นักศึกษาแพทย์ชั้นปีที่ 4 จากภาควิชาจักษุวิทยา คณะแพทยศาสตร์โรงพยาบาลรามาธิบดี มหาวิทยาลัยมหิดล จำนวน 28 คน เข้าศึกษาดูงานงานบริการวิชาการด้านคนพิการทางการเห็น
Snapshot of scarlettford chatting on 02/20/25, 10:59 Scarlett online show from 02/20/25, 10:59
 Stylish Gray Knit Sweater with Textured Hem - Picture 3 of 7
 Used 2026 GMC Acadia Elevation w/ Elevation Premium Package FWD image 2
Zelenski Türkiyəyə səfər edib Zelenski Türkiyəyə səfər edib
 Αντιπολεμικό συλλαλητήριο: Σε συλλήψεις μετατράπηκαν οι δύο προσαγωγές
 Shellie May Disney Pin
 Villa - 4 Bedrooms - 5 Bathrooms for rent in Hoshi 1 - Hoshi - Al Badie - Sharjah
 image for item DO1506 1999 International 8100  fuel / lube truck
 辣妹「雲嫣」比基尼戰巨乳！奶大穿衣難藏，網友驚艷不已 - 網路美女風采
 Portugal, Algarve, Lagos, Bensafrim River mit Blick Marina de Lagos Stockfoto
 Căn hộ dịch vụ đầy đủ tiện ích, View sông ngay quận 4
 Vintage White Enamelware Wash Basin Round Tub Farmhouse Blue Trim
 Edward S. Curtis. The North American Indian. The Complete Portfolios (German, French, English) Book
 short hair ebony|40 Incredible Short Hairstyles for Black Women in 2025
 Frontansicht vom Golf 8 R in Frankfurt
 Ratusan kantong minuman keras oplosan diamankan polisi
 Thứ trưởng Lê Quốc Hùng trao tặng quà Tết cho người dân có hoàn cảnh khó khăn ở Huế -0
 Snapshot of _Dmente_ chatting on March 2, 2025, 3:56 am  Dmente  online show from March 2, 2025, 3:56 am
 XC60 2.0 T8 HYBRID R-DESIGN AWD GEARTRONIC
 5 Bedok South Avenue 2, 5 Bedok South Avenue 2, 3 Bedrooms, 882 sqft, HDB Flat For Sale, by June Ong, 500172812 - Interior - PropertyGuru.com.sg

_Work item_:
Only the lines from the first line of the records through the line containing "Vintage White Enamelware" should be repeated, exactly as they appear.

_Result of the task_:
นักศึกษาแพทย์ชั้นปีที่ 4 จากภาควิชาจักษุวิทยา คณะแพทยศาสตร์โรงพยาบาลรามาธิบดี มหาวิทยาลัยมหิดล จำนวน 28 คน เข้าศึกษาดูงานงานบริการวิชาการด้านคนพิการทางการเห็น
Snapshot of scarlettford chatting on 02/20/25, 10:59 Scarlett online show from 02/20/25, 10:59
 Stylish Gray Knit Sweater with Textured Hem - Picture 3 of 7
 Used 2026 GMC Acadia Elevation w/ Elevation Premium Package FWD image 2
Zelenski Türkiyəyə səfər edib Zelenski Türkiyəyə səfər edib
 Αντιπολεμικό συλλαλητήριο: Σε συλλήψεις μετατράπηκαν οι δύο προσαγωγές
 Shellie May Disney Pin
 Villa - 4 Bedrooms - 5 Bathrooms for rent in Hoshi 1 - Hoshi - Al Badie - Sharjah
 image for item DO1506 1999 International 8100  fuel / lube truck
 辣妹「雲嫣」比基尼戰巨乳！奶大穿衣難藏，網友驚艷不已 - 網路美女風采
 Portugal, Algarve, Lagos, Bensafrim River mit Blick Marina de Lagos Stockfoto
 Căn hộ dịch vụ đầy đủ tiện ích, View sông ngay quận 4
 Vintage White Enamelware Wash Basin Round Tub Farmhouse Blue Trim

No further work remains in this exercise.